EXERCISE ::
Although the records contain pictures, the copy must not; reproduce everything else in them exactly.

(MATERIALS PROVIDED begins)

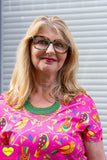 Ayla Top - happy birds- knalroze shirt Tantilly 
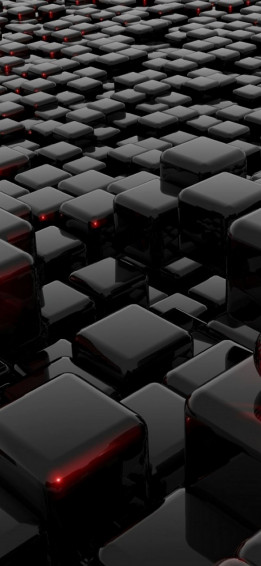 3d Block iPhone Wallpaper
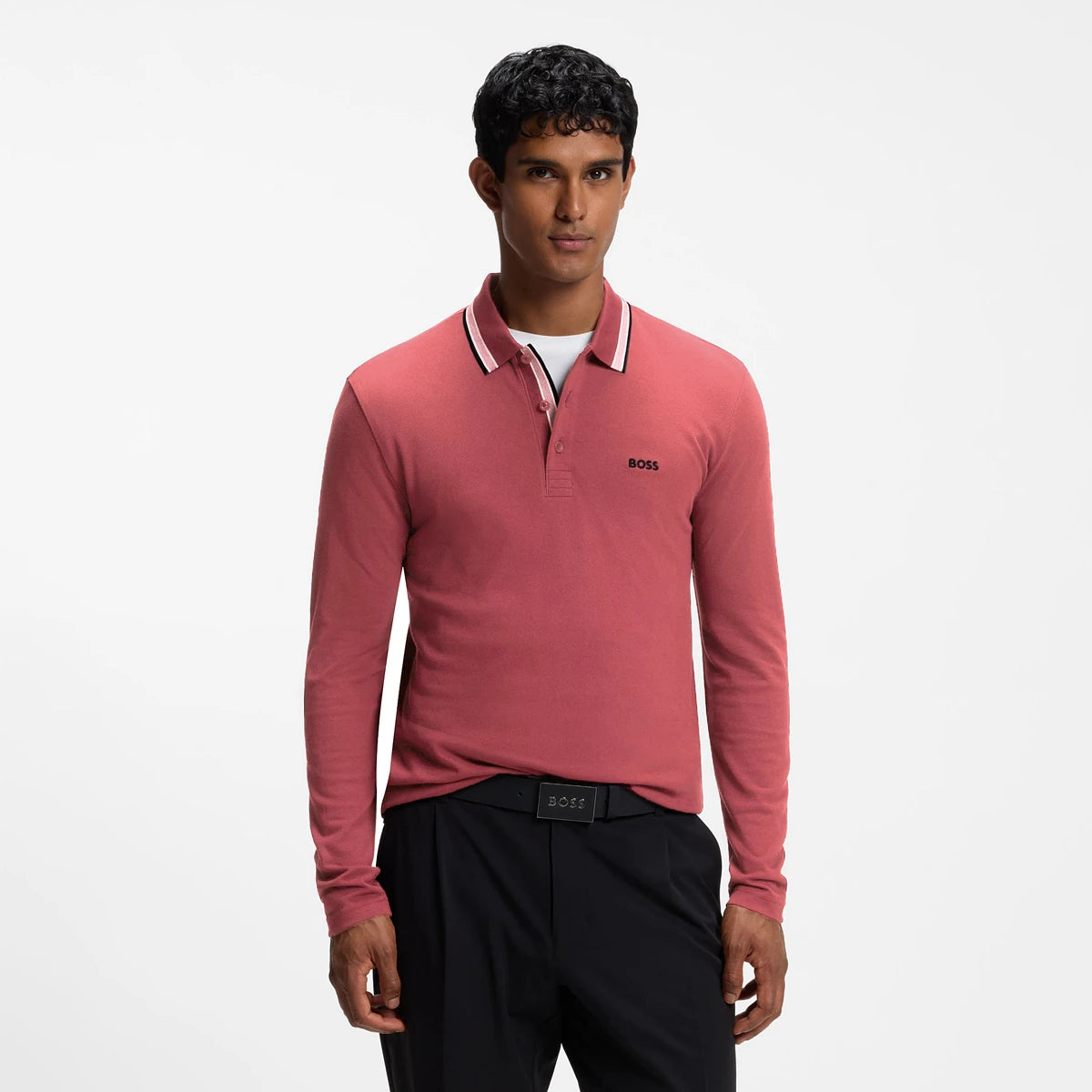 Polo Boss Maniche Lunghe Plisy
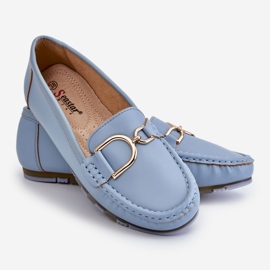 PS1 Mocassini Donna in Pelle Azzurro Downtown blu 1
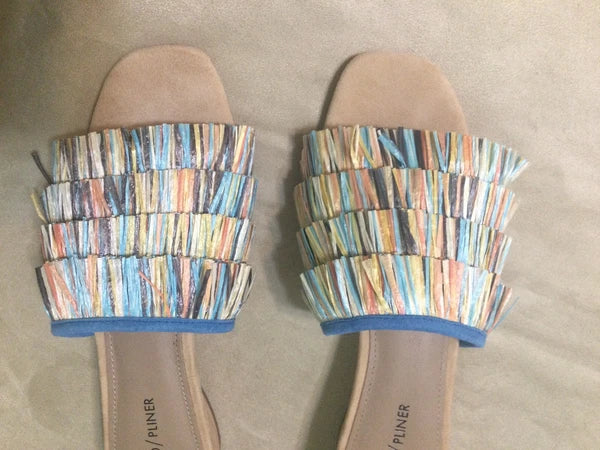 Donald Pliner Reise2 Raffia Slide Sandals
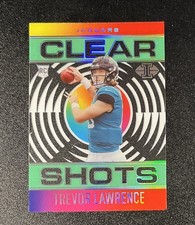 2021 Panini Illusions - Clear Shots Trevor Lawrence #CS-16 Emerald (RC)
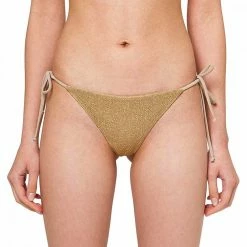 Presa ✔️ SUNDEK SLIP REGOLABILE LUREX ANITA DONNA Oro ⌛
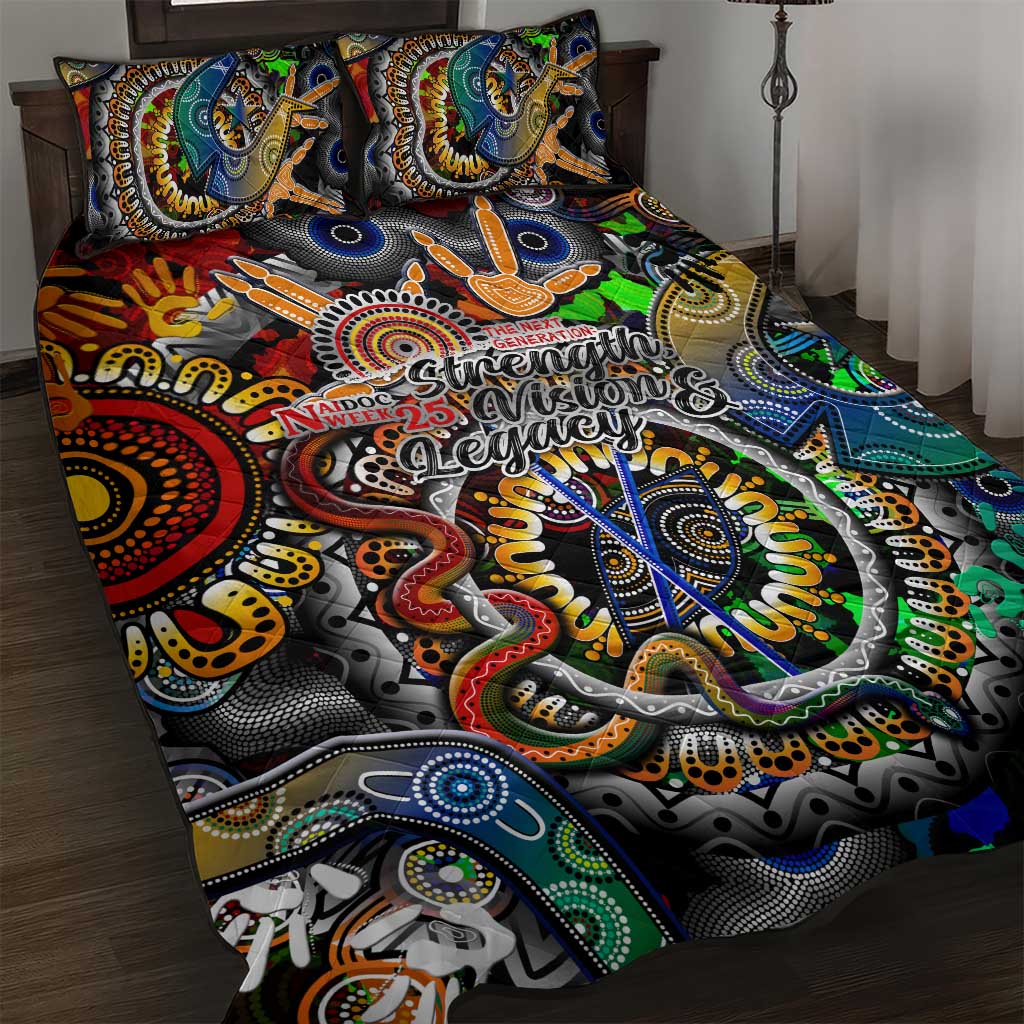 Naidoc Week 2025 Don't Forget Roots Quilt Bed Set 50 Years of Naidoc, 65000 Years of Culture
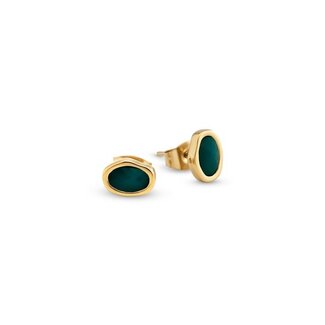 Melano Jewelry Friends Noemi Oorbellen - Dark Teal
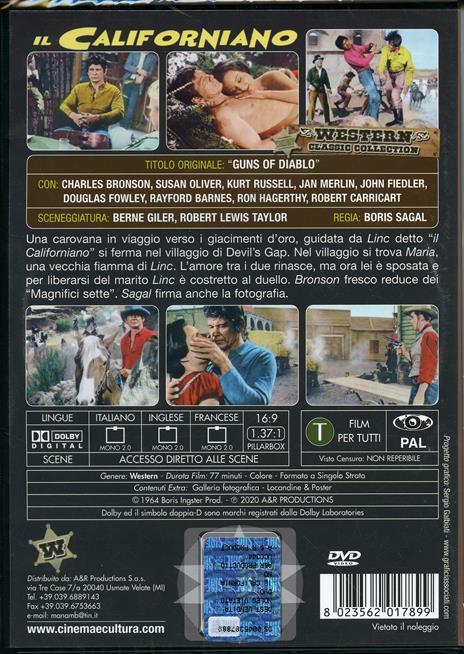 Il californiano (DVD) di Boris Sagal - DVD - 2
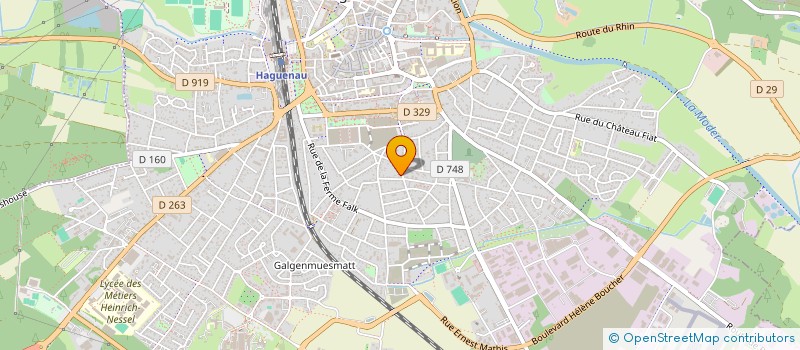 localisation de l'entreprise KD KINE  HAGUENAU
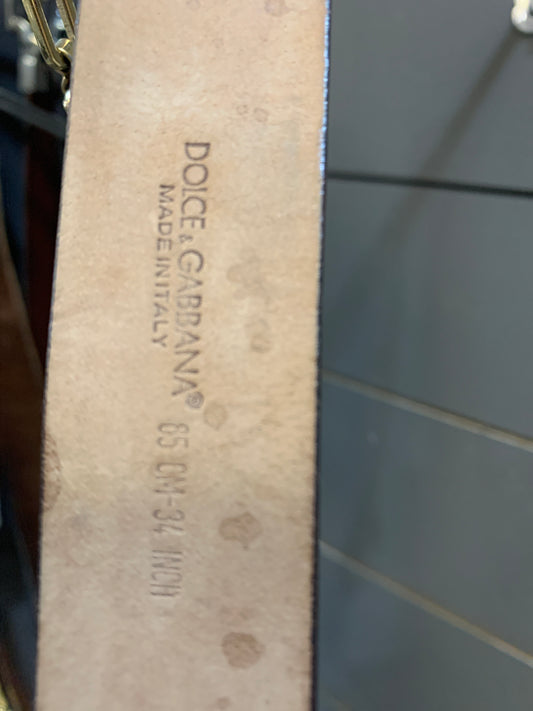 CINTURA DOLCE GABBANA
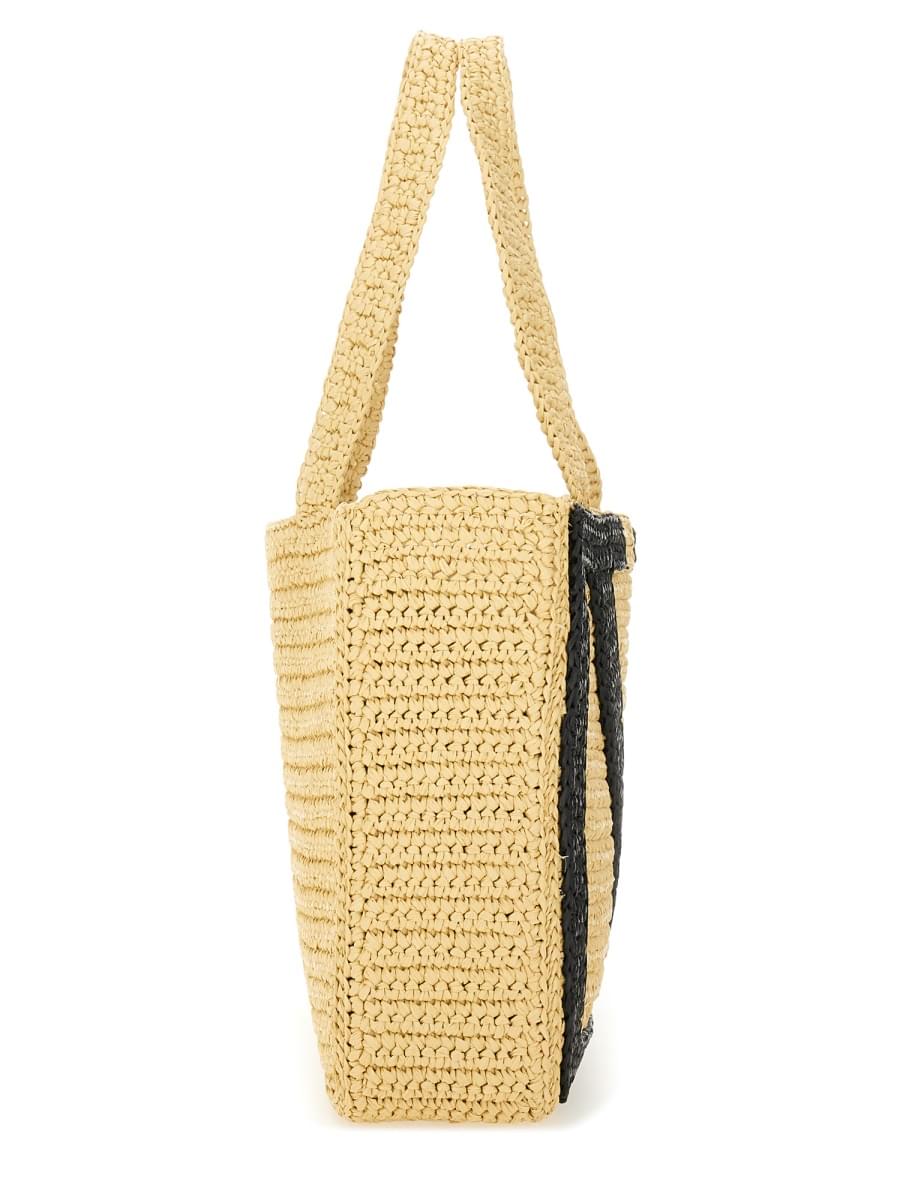Valentino Garavani Women "Viva Superstar" Large Raffia Shopping Bag VALENTINO GARAVANI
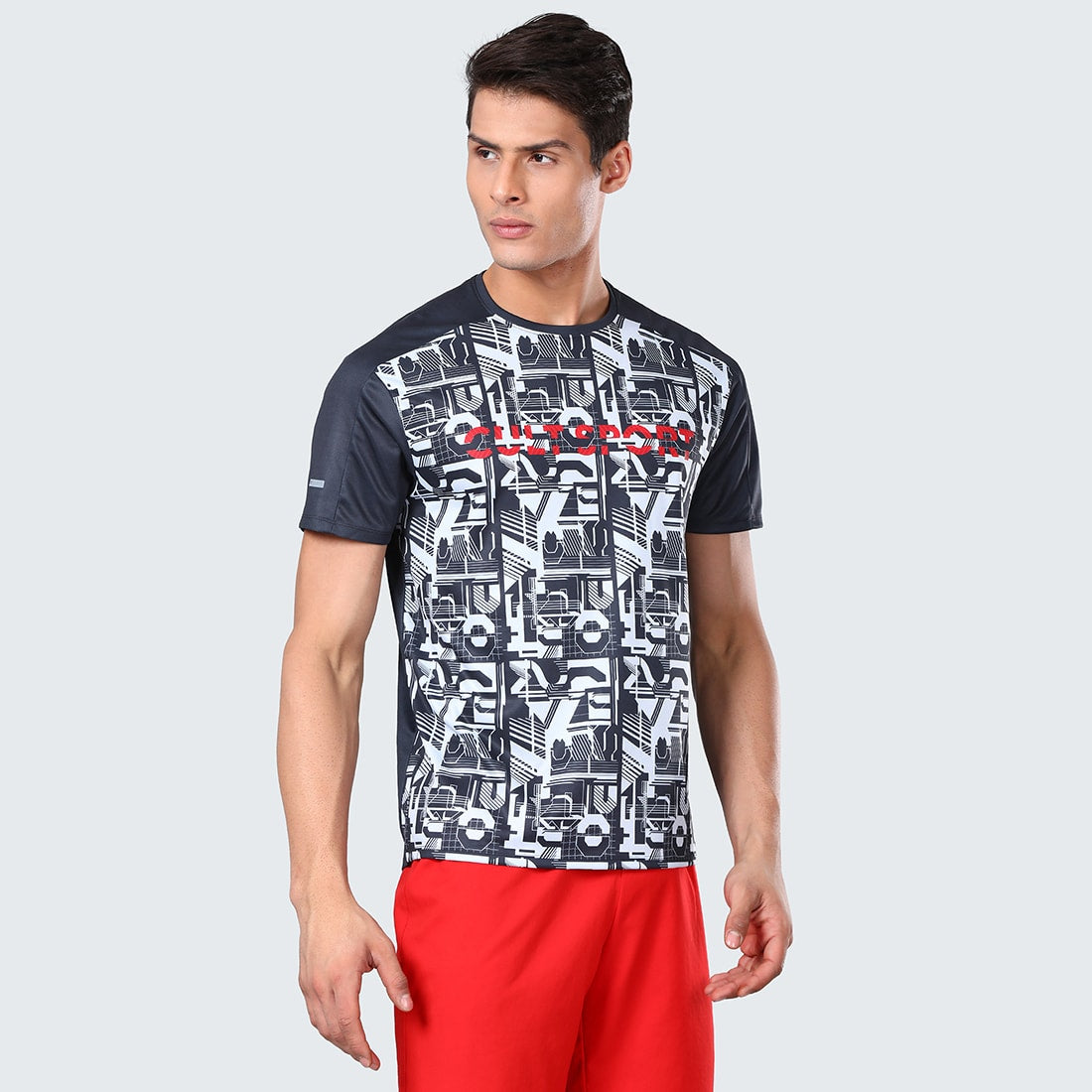 Dugout Matrix Black Gym Tee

(MATERIALS PROVIDED ends)

TASK OUTPUT ::
 Ayla Top - happy birds- knalroze shirt Tantilly 
 3d Block iPhone Wallpaper
 Polo Boss Maniche Lunghe Plisy
 PS1 Mocassini Donna in Pelle Azzurro Downtown blu 1
 Donald Pliner Reise2 Raffia Slide Sandals
 2021 Panini Illusions - Clear Shots Trevor Lawrence #CS-16 Emerald (RC)
 Presa ✔️ SUNDEK SLIP REGOLABILE LUREX ANITA DONNA Oro ⌛
 Naidoc Week 2025 Don't Forget Roots Quilt Bed Set 50 Years of Naidoc, 65000 Years of Culture
 Melano Jewelry Friends Noemi Oorbellen - Dark Teal
 Il californiano (DVD) di Boris Sagal - DVD - 2
 localisation de l'entreprise KD KINE  HAGUENAU
 CINTURA DOLCE GABBANA
Valentino Garavani Women "Viva Superstar" Large Raffia Shopping Bag VALENTINO GARAVANI
 Dugout Matrix Black Gym Tee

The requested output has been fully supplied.